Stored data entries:
::::::::

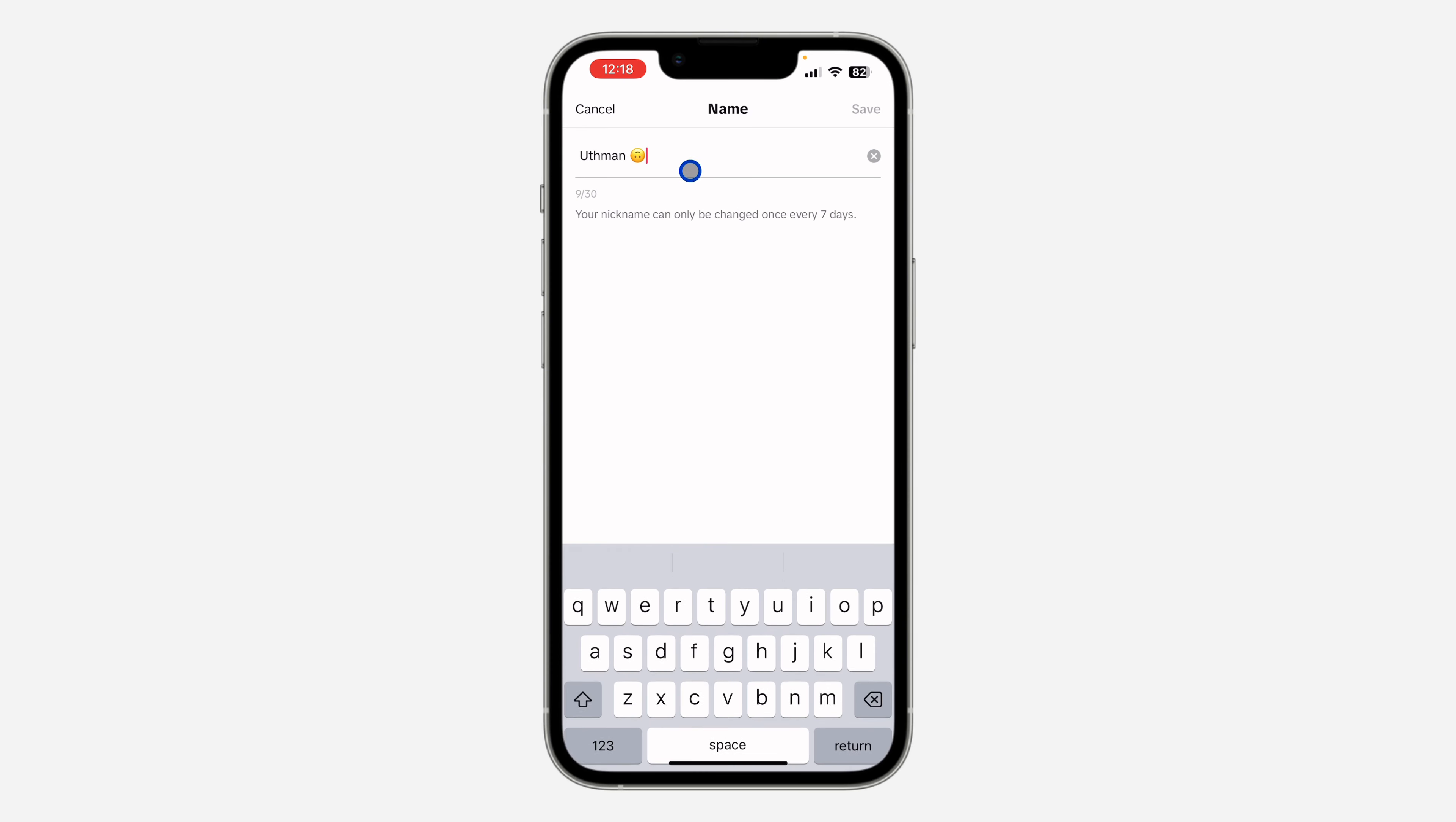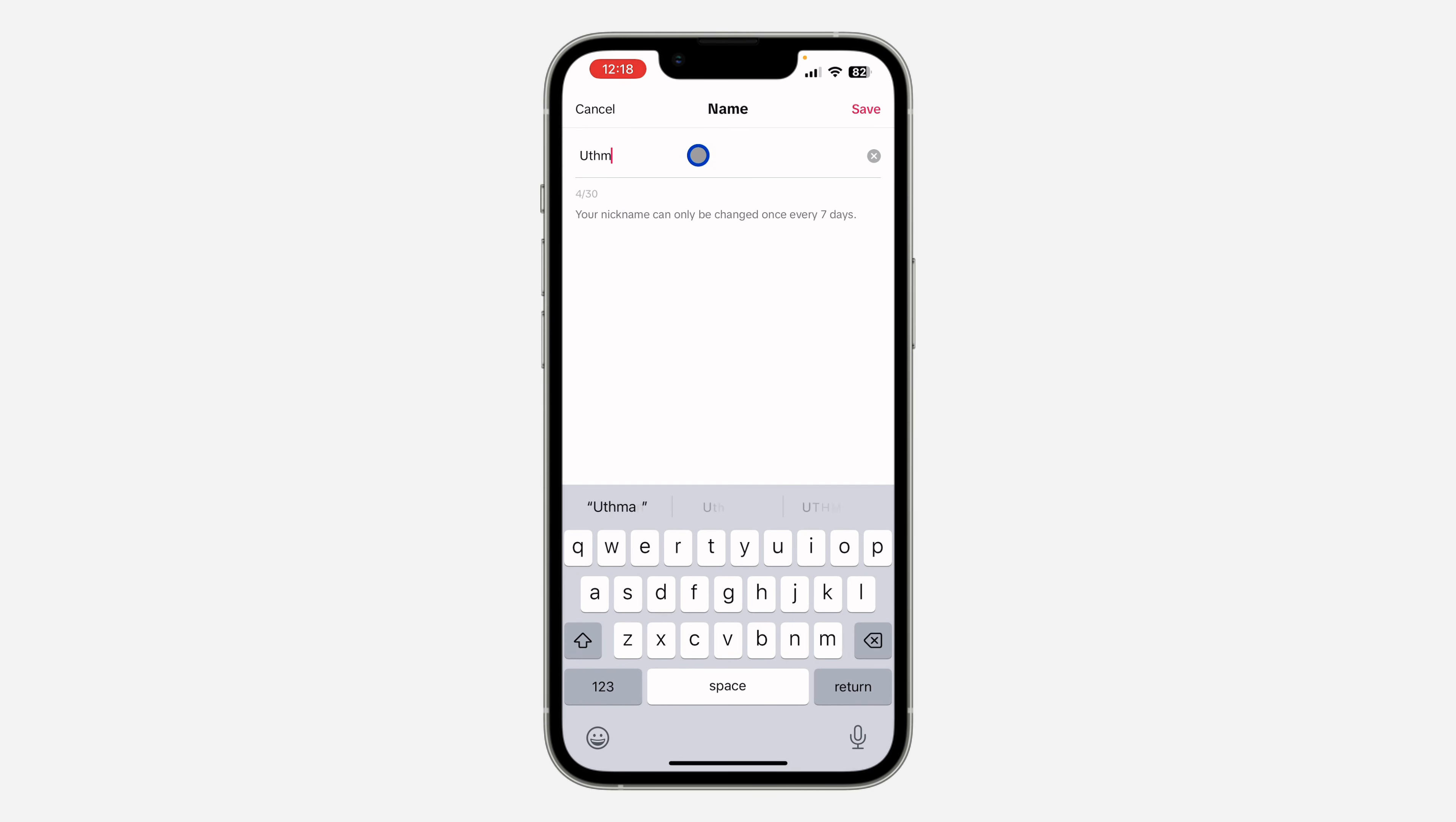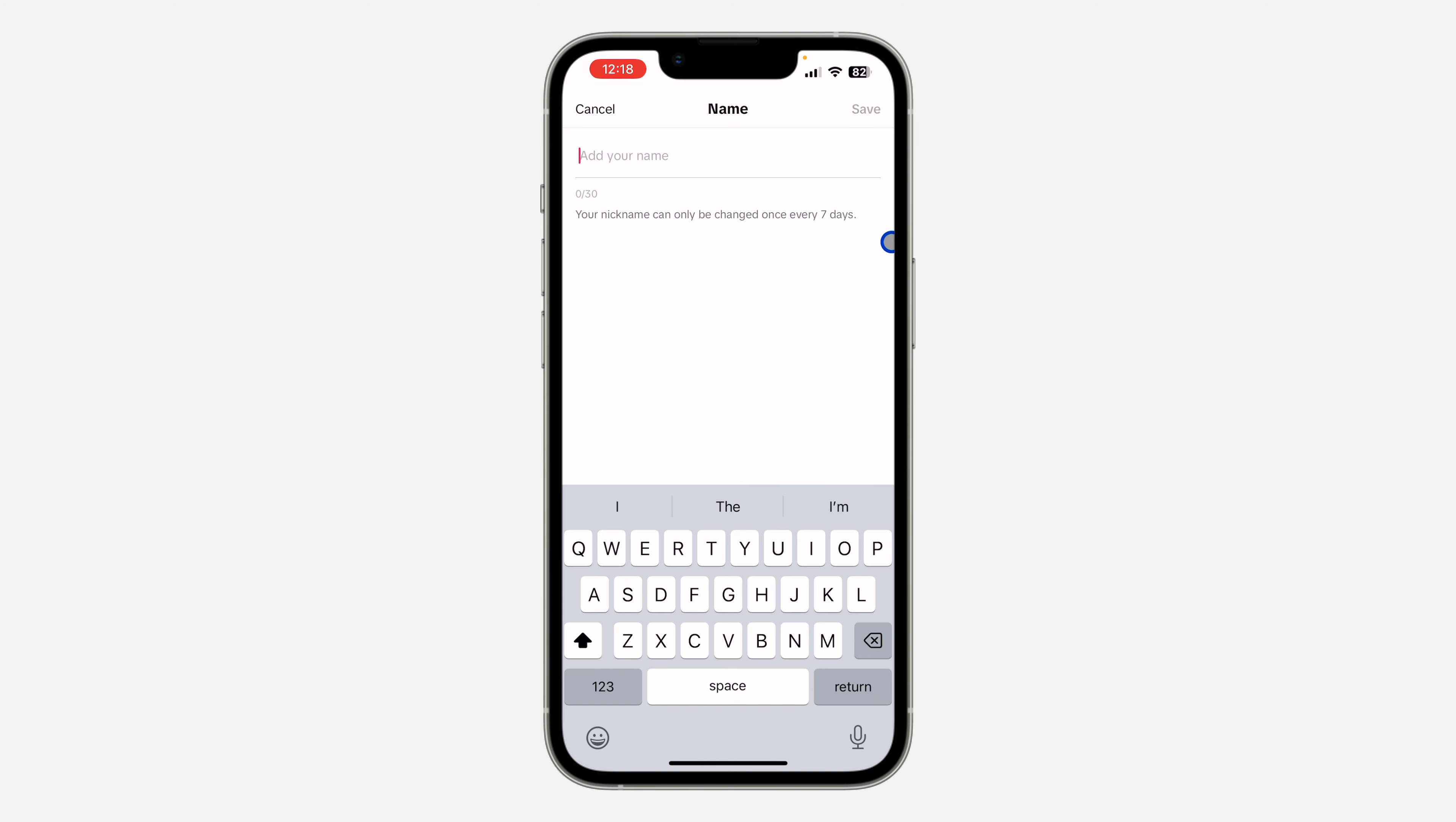Just click on the name and remove it, then enter the new name. Click on Save at the top right corner to save the changes. Note that your nickname can only be changed once every seven days.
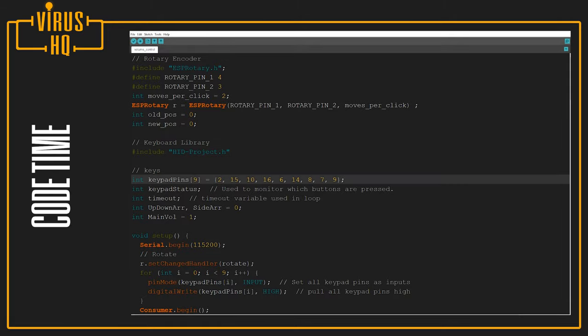Next, we define the keys. These are the pins which the buttons are connected to. Next, we define a few variables which are keypad status, timeout, up down array, side array equals zero, and main volume equal to one.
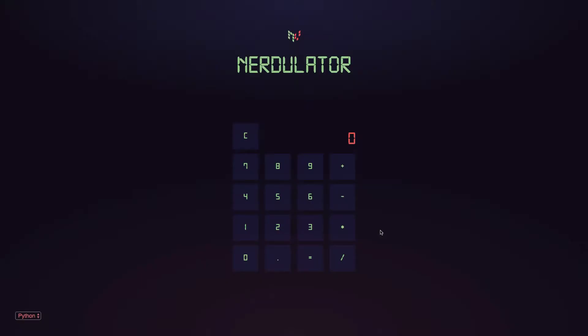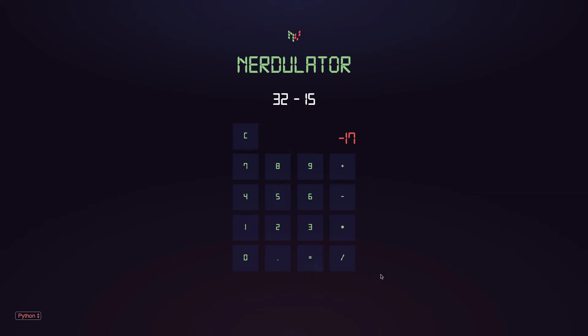Our workspace is already configured and we have the NerdVision agent installed on our application. If we run a subtraction in our application we can see our calculation was 32 minus 15, yet the result produced was minus 17.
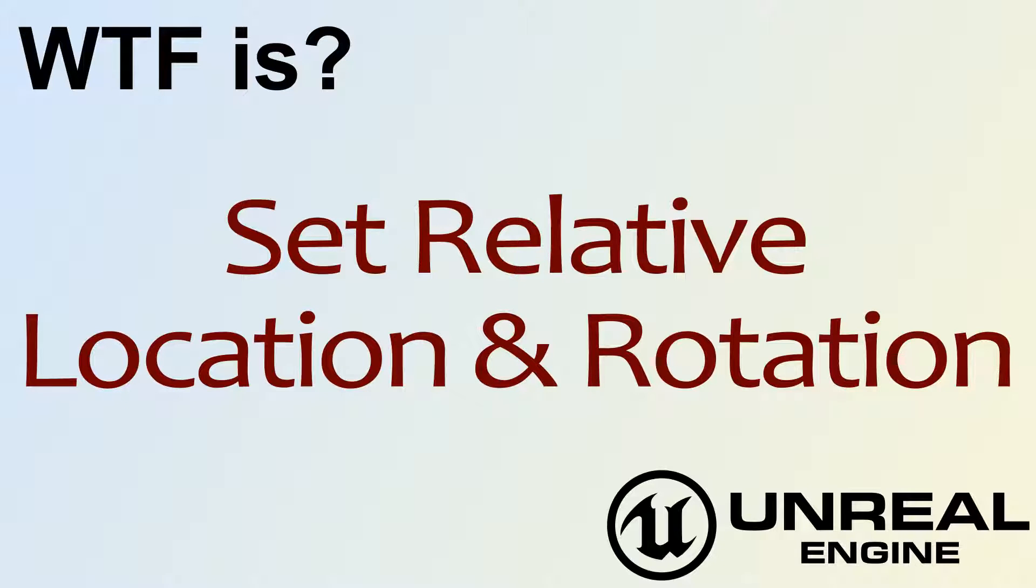Hello, welcome to the video for What is Set Relative Location and Rotation.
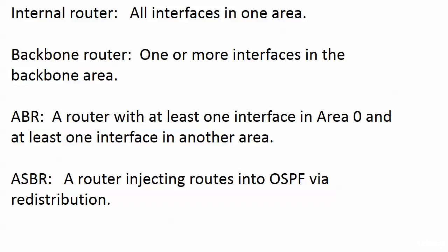But as far as an internal router goes, that's just an OSPF router with all interfaces in one area. Doesn't matter which area it is. Backbone routers have to have at least one interface in the backbone area. Nothing to that, pretty simple definition, just make sure you have it down for your exam.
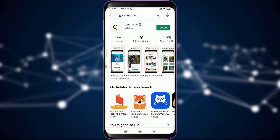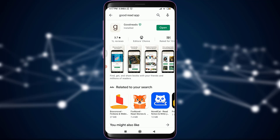Let's get started. As you can see, I have already installed the Goodreads app on my Play Store and then you can simply tap and open it. On the top right you will be loaded with options of continuing with Facebook, with Amazon, or signing up with email.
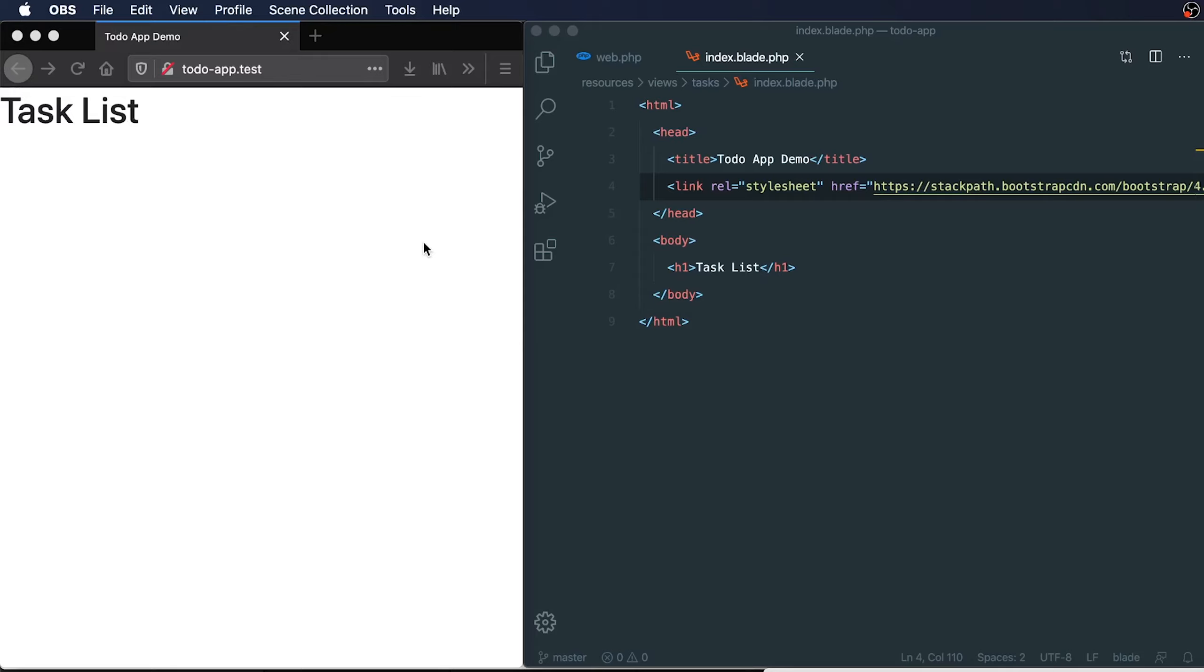Welcome back. In our last video, we created our Laravel to-do app and started with creating a simple demo homepage. This homepage is going to be where all of our to-do tasks are going to be created and displayed.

::::::::

REQUIRED WORK
Both boundary lines included, write out word for word only the lines above from the one containing "Hello, welcome to" to the one containing "But as far as", leaving out any pictures.

ANSWER
Hello, welcome to the video for What is Set Relative Location and Rotation.
But as far as an internal router goes, that's just an OSPF router with all interfaces in one area. Doesn't matter which area it is. Backbone routers have to have at least one interface in the backbone area. Nothing to that, pretty simple definition, just make sure you have it down for your exam.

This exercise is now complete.